The combination of a micro-extraction procedure from serum and PCR genotyping provides a rapid and inexpensive tool for genetic analysis [17]. A small amount of serum (250 µL) can be very informative, since it yields enough DNA to analyse several genetic markers. Note that plasma or serum is more reliable than whole blood for clinical studies, specifically for retrospective studies based on stored DNA and for shipment of sera in clinical trial analysis with centralised laboratories [18]. The present study also evidenced the possibility of using DNA from serum and plasma to simulate serum or plasma utilization for DNA analysis of stored samples.

Cancer patients have a greater amount of circulating DNA than healthy subjects [19]. It seems unlikely that tumoural DNA originates from the lysis of circulating cancer cells because the number of circulating cells usually found in plasma is not high enough to explain the large amount of DNA detected [20]. Apoptosis has been proposed as the origin of circulating DNA, but this mechanism is thought to be lost by proliferating cells [21].

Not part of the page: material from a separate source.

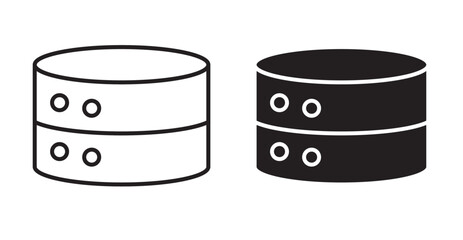 Database icon set flat style. Vector illustration collection.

As an alternative to the usual venipuncture technique, several methods have been described that use DBS from finger-puncture or oral swabs collected on DNA-cards [22], [23], [24], [25]. Buccal mucosa cell sampling is almost completely non-invasive and painless, reducing compliance issues. Samples collected generate DNA usable after shipment through conventional mail [26]. Sample collection does not require highly trained personnel or an established ‘cold chain’ to preserve samples until DNA is extracted. FTA™ cards are a viable storage matrix from DNA, and can be extracted to perform Genome Wide Analysis Studies analysis (GWAS) [18]. Moreover, GWAS are commonly used to identify genetic predispositions of many human diseases. Large repositories of biological specimens for clinical and genetic investigations have been established to store material and data for these studies.

Another important issue is that, ideally, tissue sampling should be non-invasive and painless, especially for children and psychiatric groups. Preparation of DNA also needs to be rapid, reliable, and consistent. In any large-scale genetic association project, per-unit cost of DNA preparation becomes high. Also, DNA sample collection is needed in genotyping and in pharmacogenetic studies to understand the inter-individual variability of drug responses.

We also analysed patients' acceptability of the various sampling conditions. Buccal smear had an excellent and acceptability rate, the highest compared with serum and dried blood spot (data not shown).

In conclusion, we report that extracting genomic DNA from small amounts of serum, DBS, and BEC is an appropriate alternative to extracting DNA from peripheral blood cells and offers the possibility to analyse existing specimens. New patterns in genetic markers might be considered using serum as DNA source. DNA cards clearly facilitate genetic and pharmacogenetic testing for routine clinical practice. Moreover, collection and extraction of DNA from buccal smear are a noninvasive, convenient, and cost-effective alternative to blood sampling for participants and researchers, and can be mailed out for self-collection, overcoming geographical impediments. For patients with chronic hepatitis C infection, treatment response may be established through large screening for personalized medicine.